▸ **Dataset**
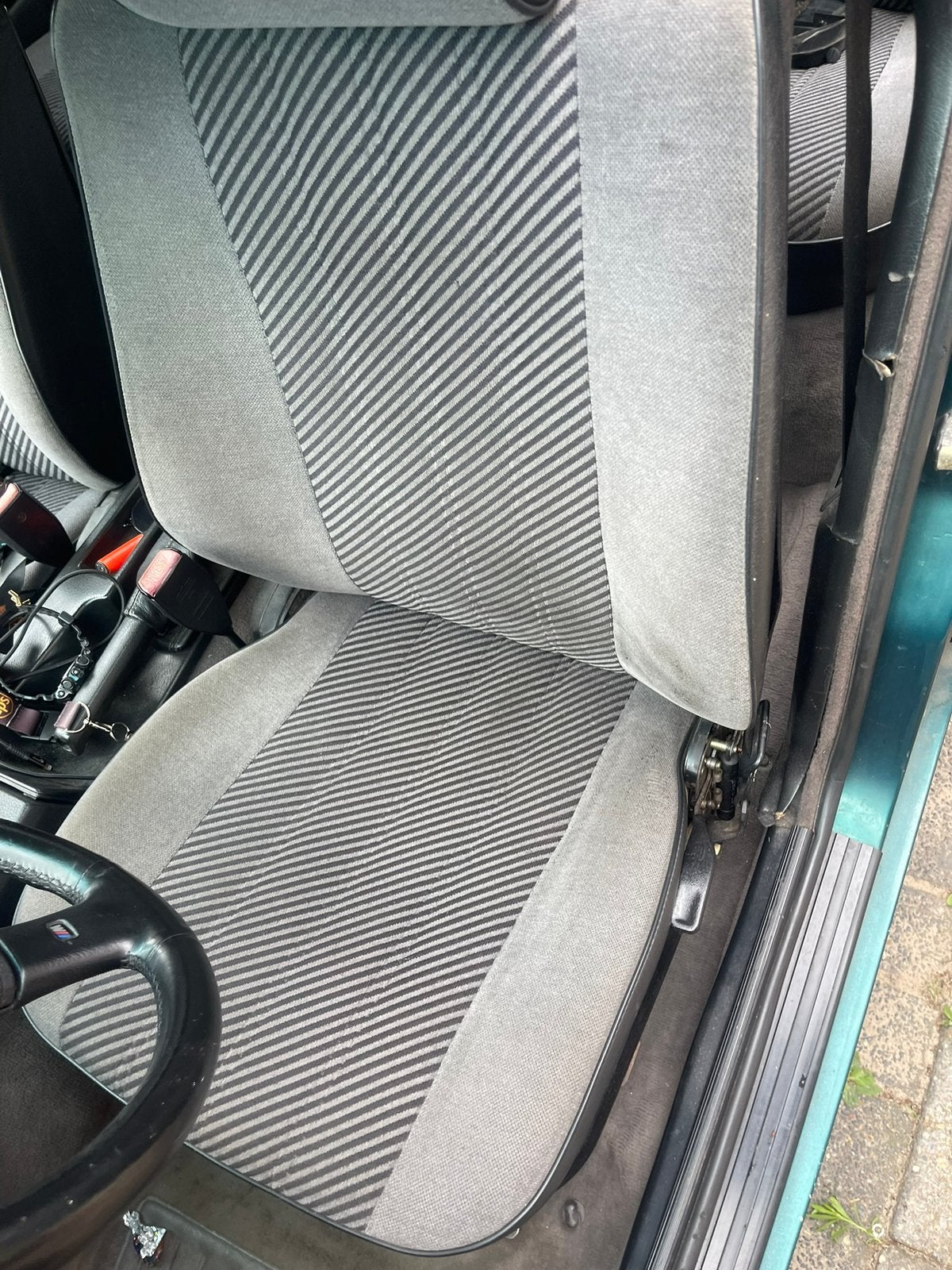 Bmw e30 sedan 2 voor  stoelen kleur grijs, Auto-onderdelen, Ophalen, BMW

==

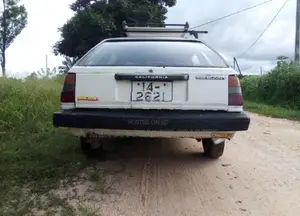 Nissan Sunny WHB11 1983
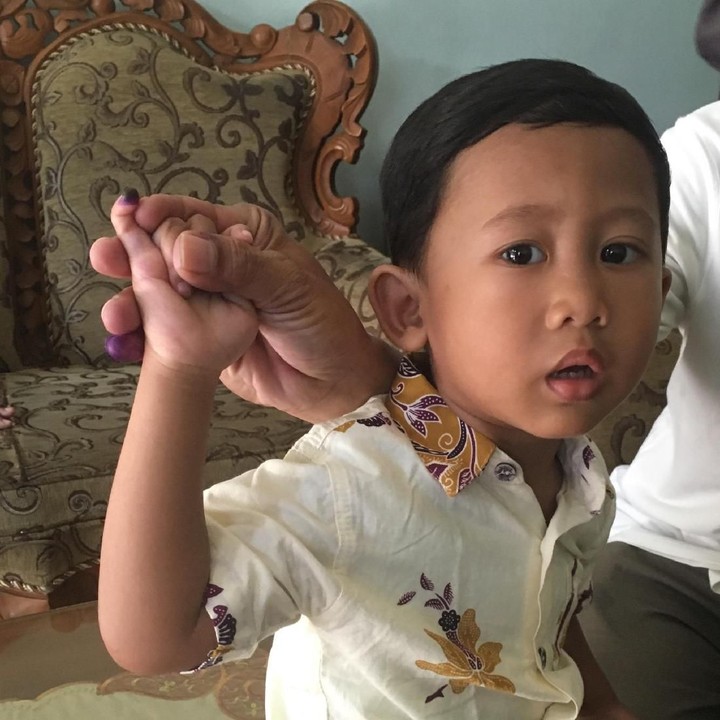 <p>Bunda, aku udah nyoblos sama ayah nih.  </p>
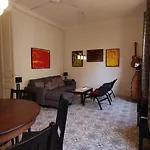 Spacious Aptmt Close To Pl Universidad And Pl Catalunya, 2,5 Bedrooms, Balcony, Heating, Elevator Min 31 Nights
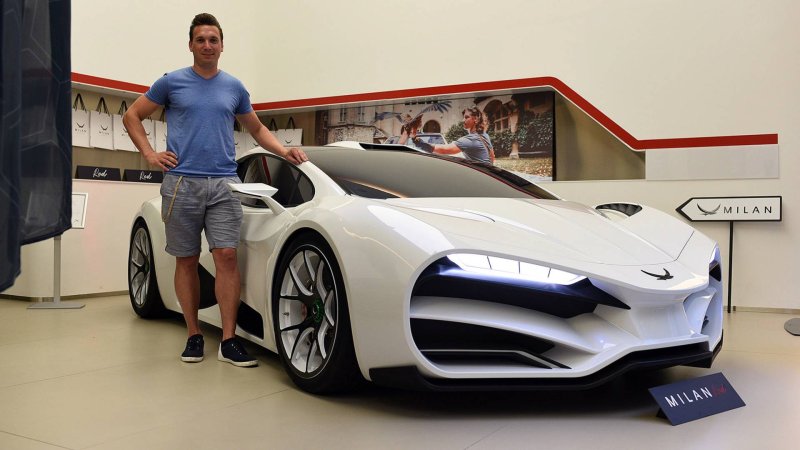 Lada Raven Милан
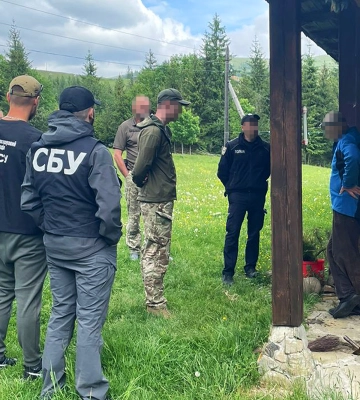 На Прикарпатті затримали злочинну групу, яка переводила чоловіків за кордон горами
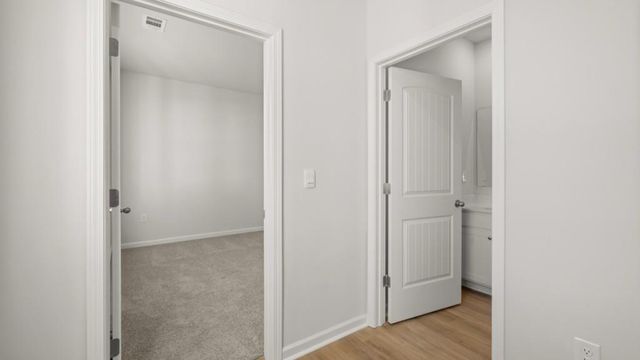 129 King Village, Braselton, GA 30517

▸ **Aim of the exercise**
Please output, exactly as written, the lines above from the one holding "Nissan Sunny WHB11 1983" through the one holding "129 King Village, Braselton, GA 30517", both included, with the pictures omitted.

▸ **Reply**
 Nissan Sunny WHB11 1983
 <p>Bunda, aku udah nyoblos sama ayah nih.  </p>
 Spacious Aptmt Close To Pl Universidad And Pl Catalunya, 2,5 Bedrooms, Balcony, Heating, Elevator Min 31 Nights
 Lada Raven Милан
 На Прикарпатті затримали злочинну групу, яка переводила чоловіків за кордон горами
 129 King Village, Braselton, GA 30517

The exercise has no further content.